I am interested in people advice here please. I know I could get professional advice you would like to follow this channel also. I don't trust a lot of "professional" advice. 

_Mods note

As this became a debate about the wisdom of getting advice from askaboutmoney contributors, I have moved the substance of the question to a  new thread.

http://www.askaboutmoney.com/showthread.php?t=165713
_


----------



## Marc (27 Jan 2012)

I'm curious

If I post on here incognito with no fact find and make "recommendations" based on a hunch is that in some way more trustworthy than if I complete a fact find, hold professional indemnity insurance and make recommendations based on a fiduciary relationship with my clients and supported by 20+ years of financial planning experience and a rake of relevant qualifications?


----------



## 44brendan (27 Jan 2012)

Never trust the professionals!! It's always wiser to take the advice from the recognised experts on AAM 
OP you really need to seek a good advisor, if you are serious about looking for proper advice


----------



## ClubMan (27 Jan 2012)

ptsc said:


> I don't trust a lot of "professional" advice.

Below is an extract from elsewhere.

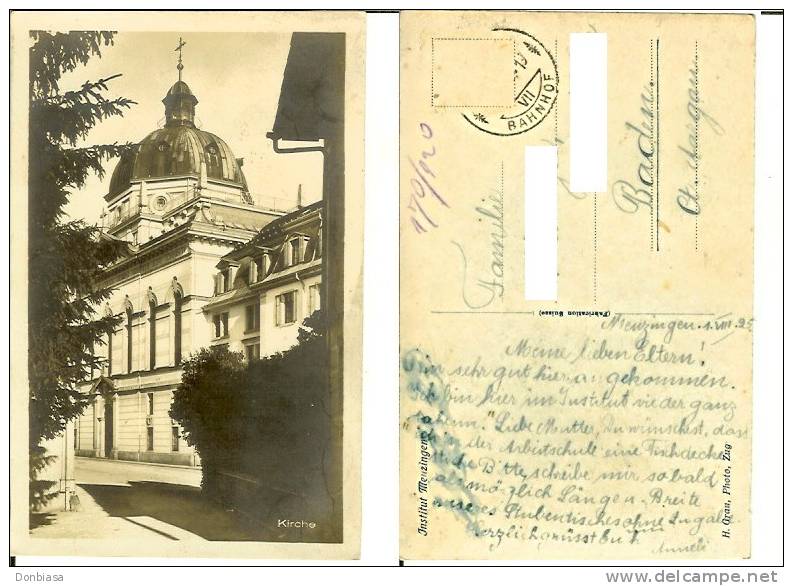 Menzingen: Institut Menzingen - Kirche. Postcard Travelled To Baden On 1925 - Menzingen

Maybe you are confusing sales pitches from vested interests (e.g. tied agents or financial institution sales staff) with professional advice from an independent (and most likely fee charging) professional financial intermediary/advisor? Regardless of the quality of the comments and advice that you receive here I would imagine that many posters would suggest that you still get independent, professional advice.

(I am not a finance professional myself by the way - just an interested amateur!).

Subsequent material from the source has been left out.